(What is expected):
Please, from the entries below, transcribe exactly the lines that begin at the line with "Maymom Water Tight" and end at the line with "Hot-roze met Cute", without the pictures.

(Data supplied):
——

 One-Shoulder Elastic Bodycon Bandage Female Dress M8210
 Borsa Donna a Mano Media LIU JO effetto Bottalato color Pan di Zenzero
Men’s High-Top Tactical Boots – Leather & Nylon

——

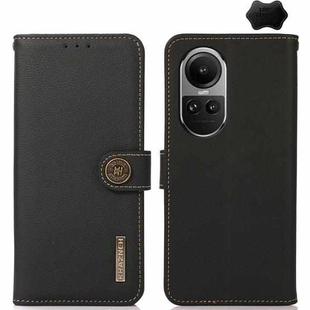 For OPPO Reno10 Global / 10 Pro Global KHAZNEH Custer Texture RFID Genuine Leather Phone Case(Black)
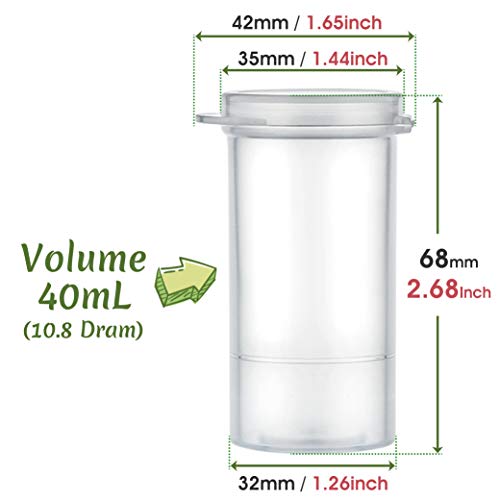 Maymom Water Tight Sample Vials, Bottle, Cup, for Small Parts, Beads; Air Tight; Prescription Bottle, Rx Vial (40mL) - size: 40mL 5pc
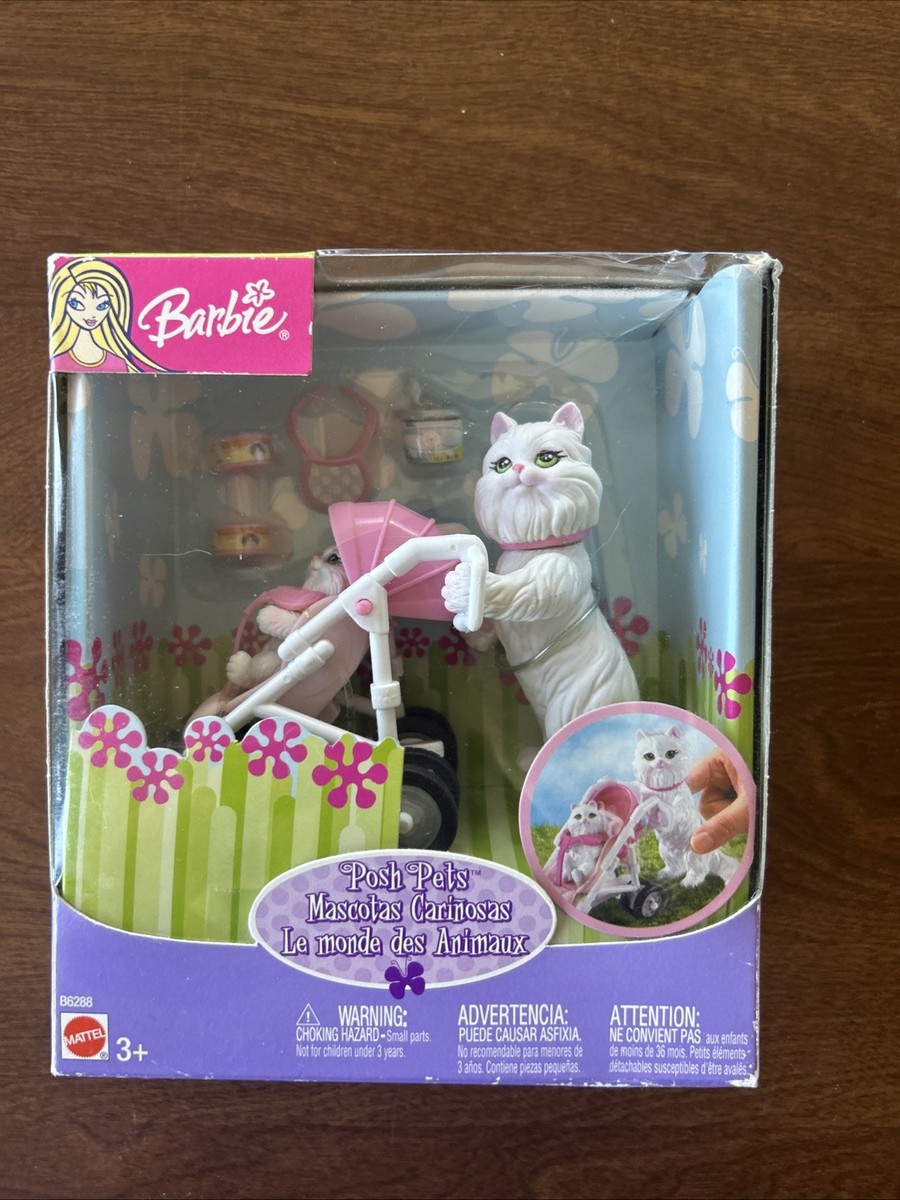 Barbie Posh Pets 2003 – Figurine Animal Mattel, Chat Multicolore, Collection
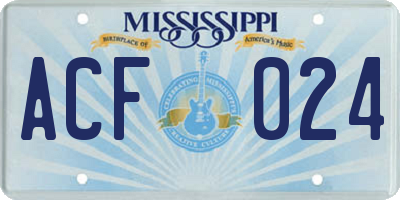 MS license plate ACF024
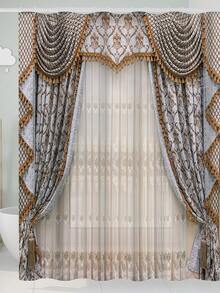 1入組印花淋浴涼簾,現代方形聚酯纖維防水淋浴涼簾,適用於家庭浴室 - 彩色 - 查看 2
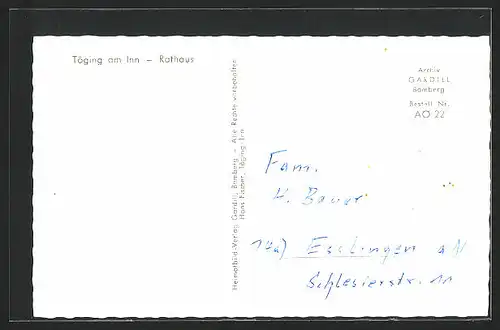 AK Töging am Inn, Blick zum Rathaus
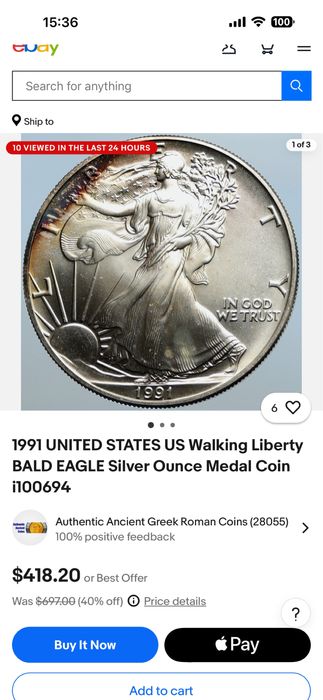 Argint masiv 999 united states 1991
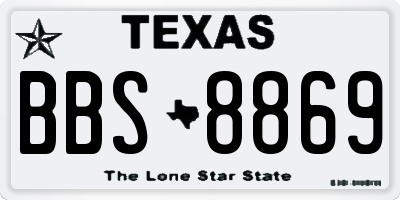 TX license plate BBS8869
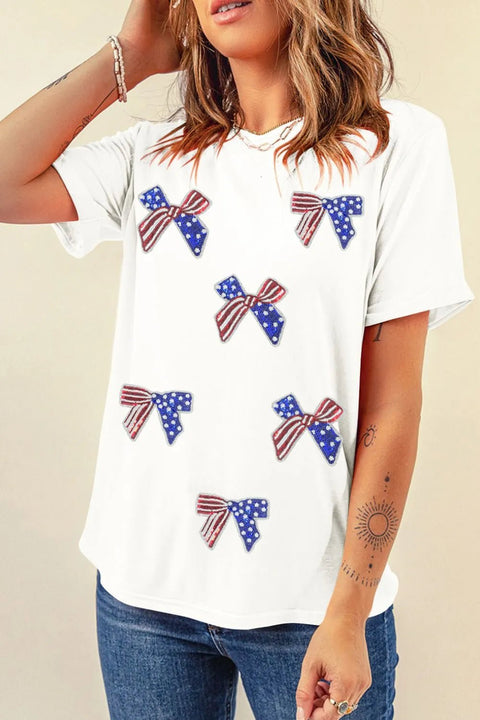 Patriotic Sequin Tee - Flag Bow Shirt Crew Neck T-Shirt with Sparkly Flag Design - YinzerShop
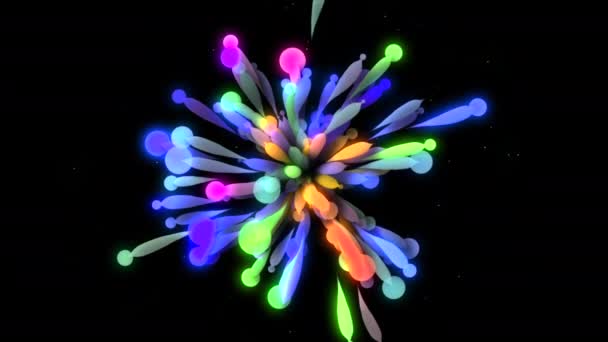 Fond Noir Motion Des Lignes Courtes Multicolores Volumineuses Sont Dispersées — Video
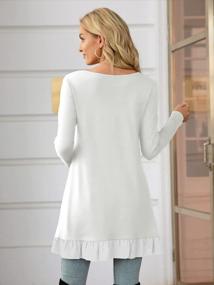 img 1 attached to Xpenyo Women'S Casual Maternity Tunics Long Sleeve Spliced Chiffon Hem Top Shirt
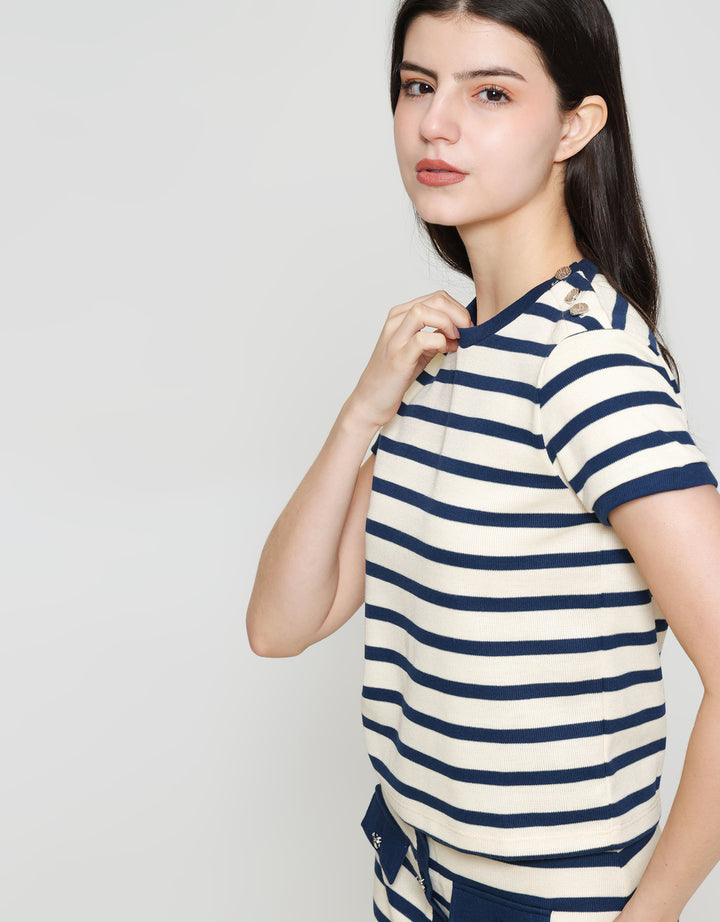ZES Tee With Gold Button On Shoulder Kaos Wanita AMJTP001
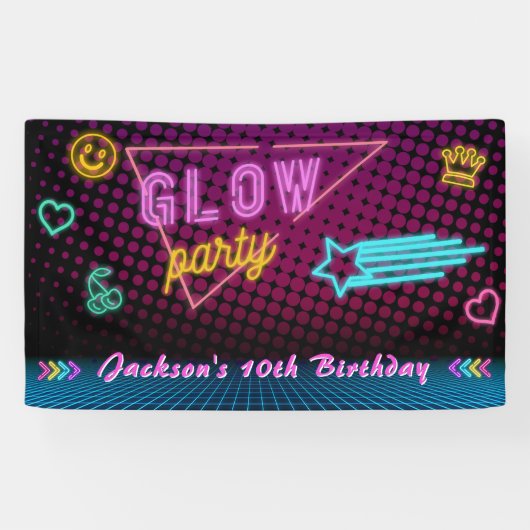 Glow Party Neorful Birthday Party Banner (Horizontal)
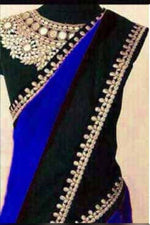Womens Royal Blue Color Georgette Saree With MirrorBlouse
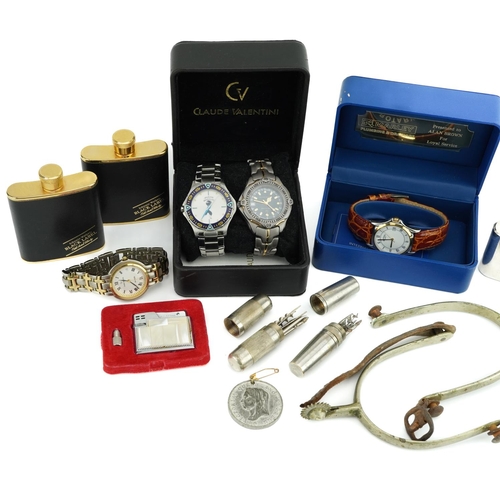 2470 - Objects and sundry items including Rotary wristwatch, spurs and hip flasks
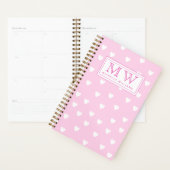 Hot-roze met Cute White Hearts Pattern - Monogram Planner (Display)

——

(Result of the exercise):
 Maymom Water Tight Sample Vials, Bottle, Cup, for Small Parts, Beads; Air Tight; Prescription Bottle, Rx Vial (40mL) - size: 40mL 5pc
 Barbie Posh Pets 2003 – Figurine Animal Mattel, Chat Multicolore, Collection
 MS license plate ACF024
 1入組印花淋浴涼簾,現代方形聚酯纖維防水淋浴涼簾,適用於家庭浴室 - 彩色 - 查看 2
 AK Töging am Inn, Blick zum Rathaus
 Argint masiv 999 united states 1991
 TX license plate BBS8869
 Patriotic Sequin Tee - Flag Bow Shirt Crew Neck T-Shirt with Sparkly Flag Design - YinzerShop
 Fond Noir Motion Des Lignes Courtes Multicolores Volumineuses Sont Dispersées — Video
 img 1 attached to Xpenyo Women'S Casual Maternity Tunics Long Sleeve Spliced Chiffon Hem Top Shirt
ZES Tee With Gold Button On Shoulder Kaos Wanita AMJTP001
 Glow Party Neorful Birthday Party Banner (Horizontal)
Womens Royal Blue Color Georgette Saree With MirrorBlouse
 2470 - Objects and sundry items including Rotary wristwatch, spurs and hip flasks
 Hot-roze met Cute White Hearts Pattern - Monogram Planner (Display)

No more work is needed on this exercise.